(Pictures with short captions)
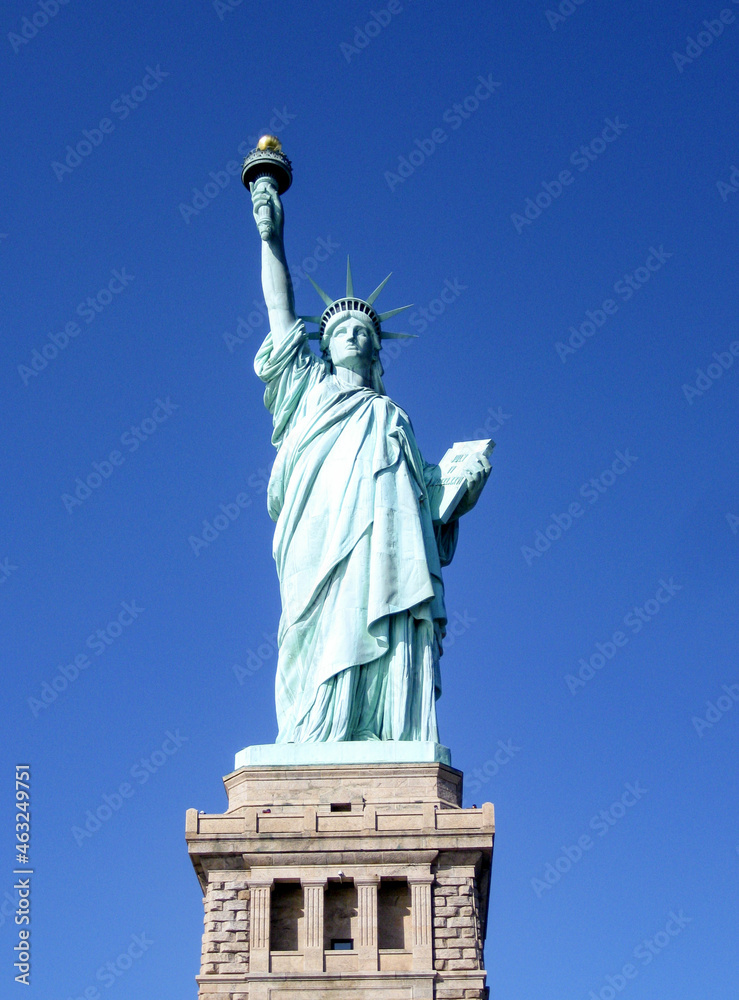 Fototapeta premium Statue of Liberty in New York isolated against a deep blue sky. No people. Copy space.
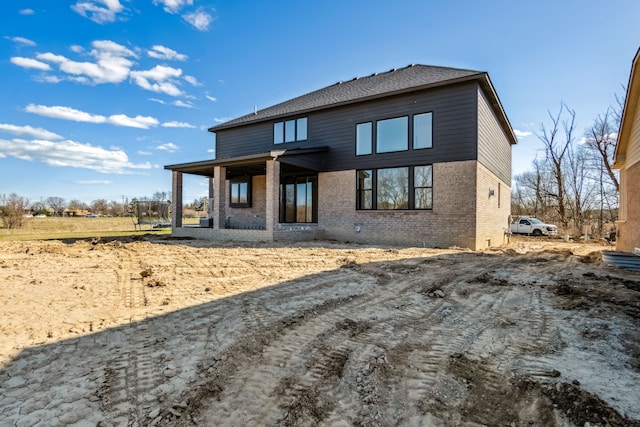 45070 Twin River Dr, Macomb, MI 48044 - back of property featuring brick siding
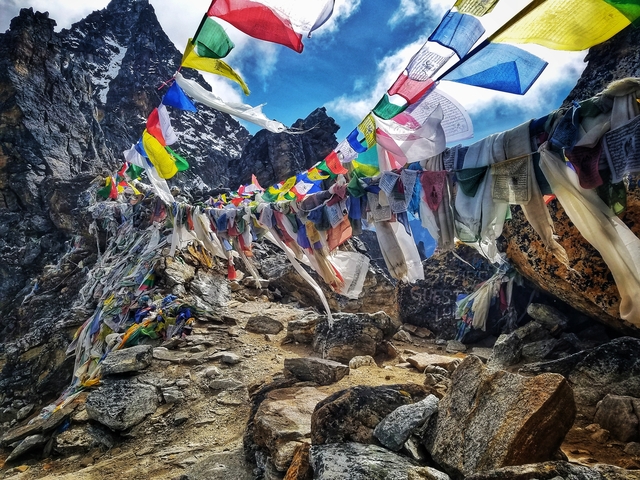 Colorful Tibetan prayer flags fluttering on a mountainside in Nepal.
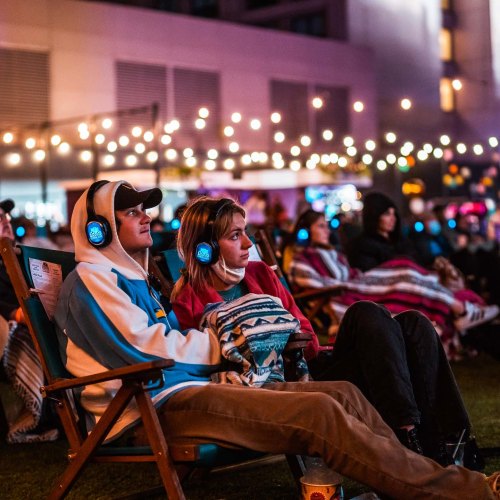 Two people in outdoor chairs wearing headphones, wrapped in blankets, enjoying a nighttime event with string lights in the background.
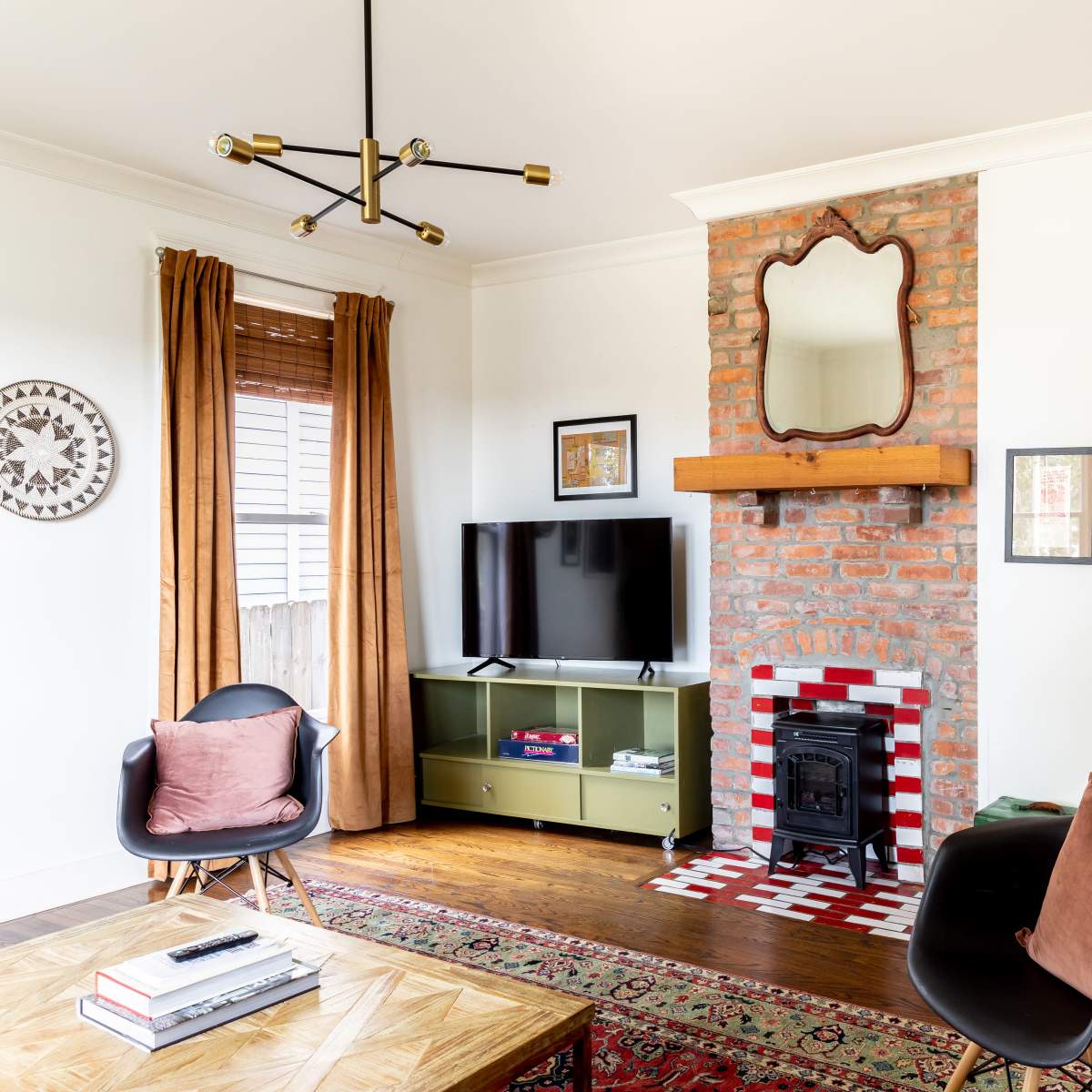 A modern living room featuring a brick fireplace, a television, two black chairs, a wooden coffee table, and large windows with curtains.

### Task directions
Write out the records word for word. Pictures stay out.

### Your response
 Fototapeta premium Statue of Liberty in New York isolated against a deep blue sky. No people. Copy space.
 45070 Twin River Dr, Macomb, MI 48044 - back of property featuring brick siding
 Colorful Tibetan prayer flags fluttering on a mountainside in Nepal.
 Two people in outdoor chairs wearing headphones, wrapped in blankets, enjoying a nighttime event with string lights in the background.
 A modern living room featuring a brick fireplace, a television, two black chairs, a wooden coffee table, and large windows with curtains.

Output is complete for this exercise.